Dans cette adaptation resserrée de Crime et Châtiment, chef d’œuvre absolu du roman russe, Dostoïevski nous entraîne dans les dédales tortueux de l’âme humaine. Voici Raskolnikov, tourmenté jusqu’aux franges de la folie par le crime odieux d’une vieille usurière. Sa conscience devient alors un reflet dément et fidèle du cauchemar éveillé de la société. Qui est le criminel et qui est le fou ? Celui qui se débat à tout prix ou celui qui accepte une condition sociale biaisée et misérable ? Comment survivre sans perdre la raison dans une société sauvage sans Dieu ou sans boussole morale incontestable ? Le sommeil de la raison engendre des monstres…

Notes de mise en scène

Décor

Dans « Crime et châtiment », il y a une grande variété de lieux: la chambre de Raskolnikov, l’appartement de l’usurière, le bureau du juge, le bistrot, la rue et la Neva. Toutefois, l’endroit le plus vaste de l’œuvre est l’espace mental de l’étudiant Raskolnikov. Il est proposé comme piste ici un espace mobile, architecturé et parcellaire en citation indirecte du mouvement déconstructiviste, lui même en inspiration directe du constructivisme russe de 1920.

Au centre de la scène, on verra une plateforme rotative sur la quelle il y aura des parois pivotantes permettant de structurer des espaces différents. Le spectateur pourra ainsi voir Raskolnikov être pris dans un tourbillon, passer d’un lieu à un autre. Il pourra être ainsi, de manière visuelle, le corps dans un espace et l’esprit dans un autre. Devant cette plate-forme tournante se trouvera au sol le lit de Raskolnikov. Le spectacle sera rythmé entre chaque scène par les déambulations de Raskolnikov dans de ce décor mouvant.

Une enquête policière resserrée

Comme dans la célèbre série Colombo, le spectateur connaît l’assassin. Le suspens consiste à découvrir comment le monde qui entoure Raskolnikov et surtout le policier vont acculer le meurtrier à reconnaître son crime et à accepter sa responsabilité. On assiste entre le juge et Raskolnikov à un jeu du chat et de la souris fin et dense.

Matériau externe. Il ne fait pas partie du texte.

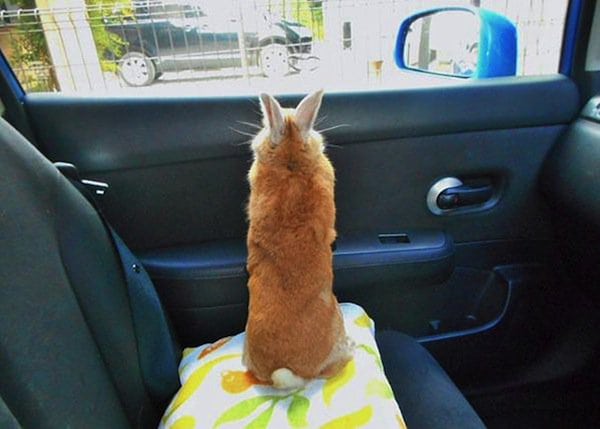 bunny-car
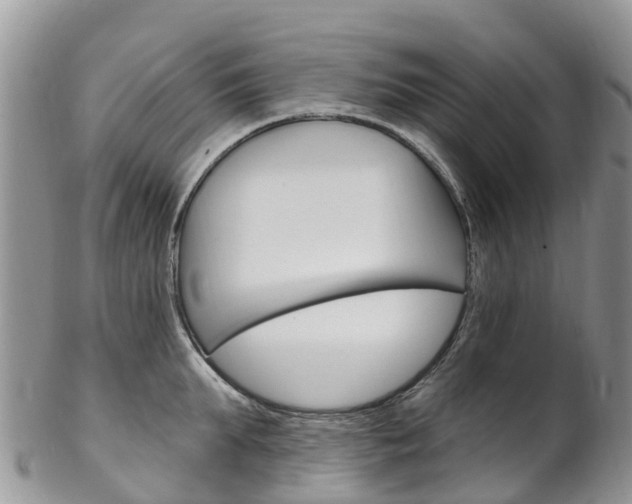 X0000102790903200808180951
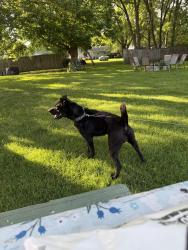 Found/Stray Male Dog last seen Von Esch rd & Amber Ct, Joliet, IL 60431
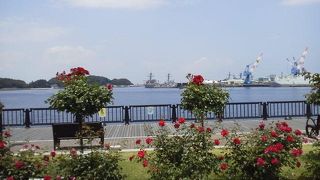 横須賀港の軍艦を真近に望む、海沿いのきれいな公園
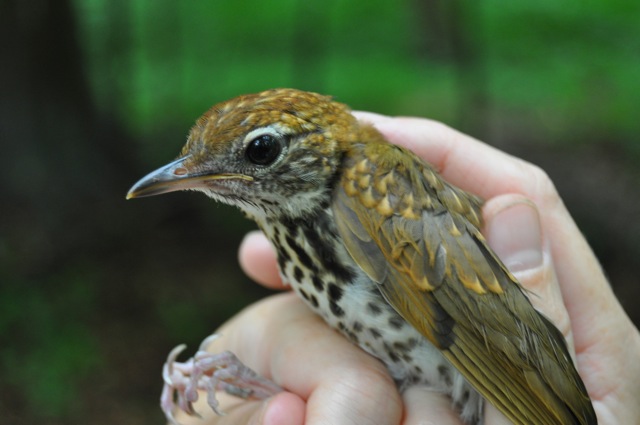A juvenile Wood Thrush that is most likely still being fed by parents. Photo by Bracken Brown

On sera convié à une confrontation d’ordre cinématographique entre les personnages avec une mise en place théâtralisée des notions de champ, contre-champ. De la vingtaine des personnages du roman, l’adaptation se focalise sur les principaux, Raskolnikov et le juge. Les trois autres comédiens se partageront les autres rôles en changeant de silhouette et de costume.

Des références contemporaines

Même si en un siècle le contexte historique à changé, la réalité et l’iniquité sociale perdurent. La chute du mur de Berlin et la défaite morale et politique du communisme ont accentué le retour décomplexé d’une idéologie basée les privilèges acquis et la rente sur la création de richesses et du travail. Comme hier, Crime et Châtiment est un roman d’actualité captivant et brûlant. Il paraît pertinent de vouloir sortir d’un cadre historique strict et ouvrir à un espace temps plus contemporain. On parlerait aujourd’hui plus de Staline, d’Hitler que de Napoléon. La notion de surhomme et de fascisme sont passés par là depuis la fin du XXe siècle.

Un décor sonore onirique contemporain

Le choix de la comédienne chanteuse Yvette Théraulaz et de Lorédana Von Allmen qui chante aussi bien qu’elle joue du violoncelle permettra de créer un univers onirique et charnel. Outre une bande son insidieuse et entêtante, je désire utiliser des références au cinéma russe ainsi que des marqueurs sonores tels aux références sonores russes : Vissotsky, Schnittke, Chostakovitch ou un groupe de rap russe d’aujourd’hui comme AK-47.